Records excerpted from a collection:
::::
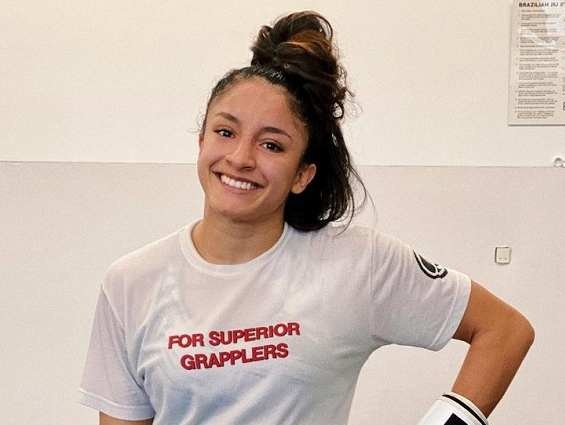 Nu vo si dam guc doi thu sau 10 giay o MMA LFA 110 hinh anh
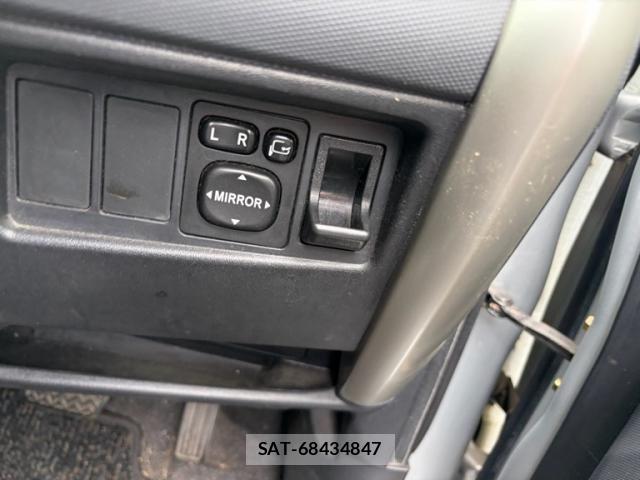 Toyota IST 2004-07 8036101-8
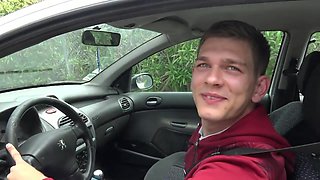 In the middle of the runway, Lily, 32, is beaming! - Jacquie et Michel TV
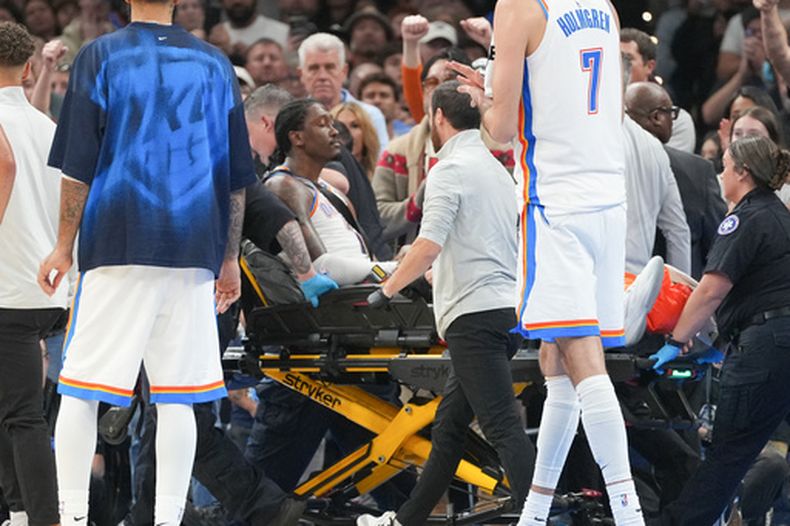 Jalen Williams, del Thunder de Oklahoma City, es retirado de la duela en camilla por parte del cuerpo médico durante la segunda mitad del juego de baloncesto de la NBA contra los Clippers de Los Ángeles, el domingo 25 de octubre de 2026, en Oklahoma City. (AP Foto/Kyle Phillips)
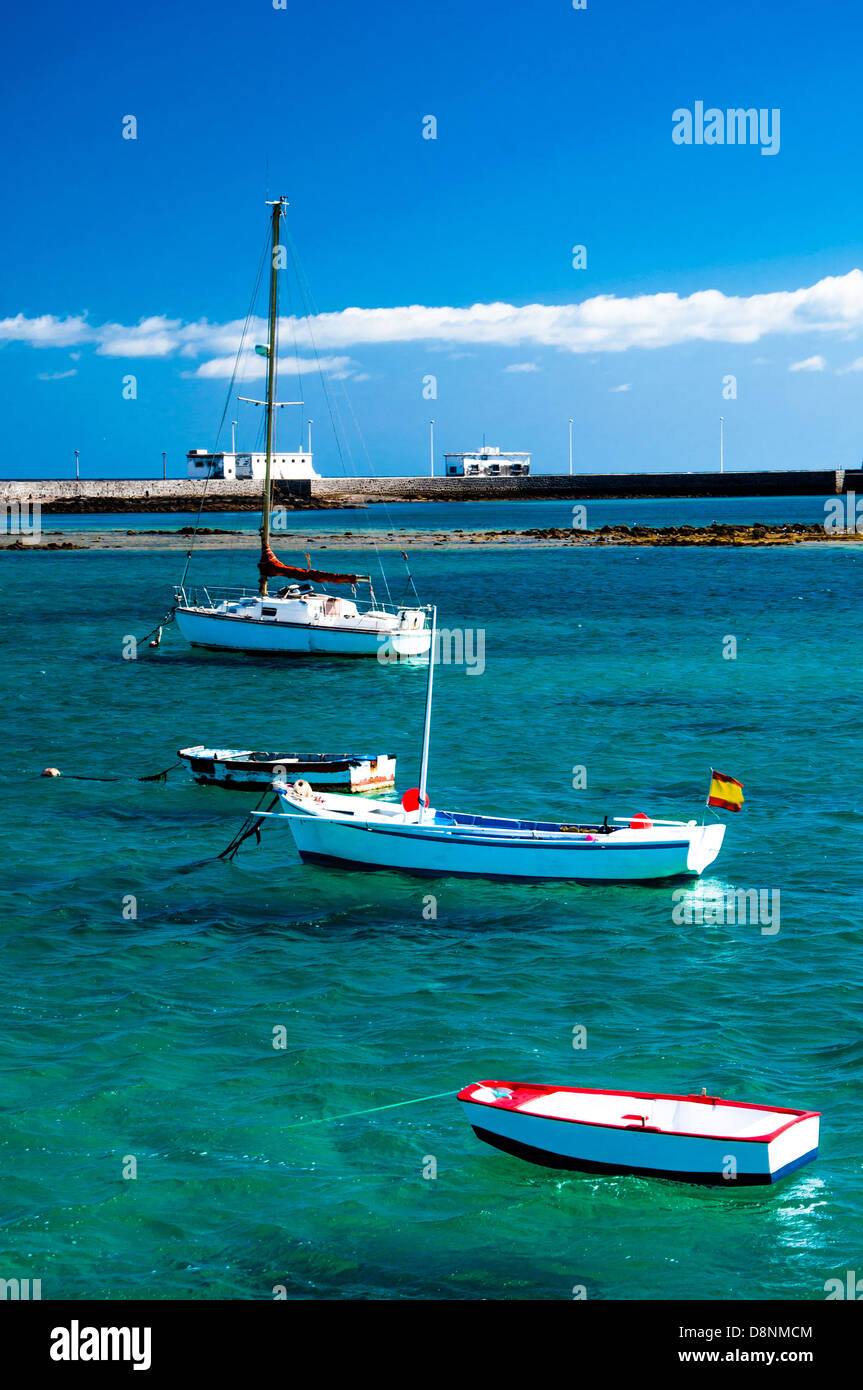 Fischerboote an der Laguna Charco de San Ginés, Stadt von Arrecife, Lanzarote, Kanarische Inseln Stockfoto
::::
Instructions for the task: Print each entry shown above with exact wording and no pictures.

Task answer:
 Nu vo si dam guc doi thu sau 10 giay o MMA LFA 110 hinh anh
 Toyota IST 2004-07 8036101-8
 In the middle of the runway, Lily, 32, is beaming! - Jacquie et Michel TV
 Jalen Williams, del Thunder de Oklahoma City, es retirado de la duela en camilla por parte del cuerpo médico durante la segunda mitad del juego de baloncesto de la NBA contra los Clippers de Los Ángeles, el domingo 25 de octubre de 2026, en Oklahoma City. (AP Foto/Kyle Phillips)
 Fischerboote an der Laguna Charco de San Ginés, Stadt von Arrecife, Lanzarote, Kanarische Inseln Stockfoto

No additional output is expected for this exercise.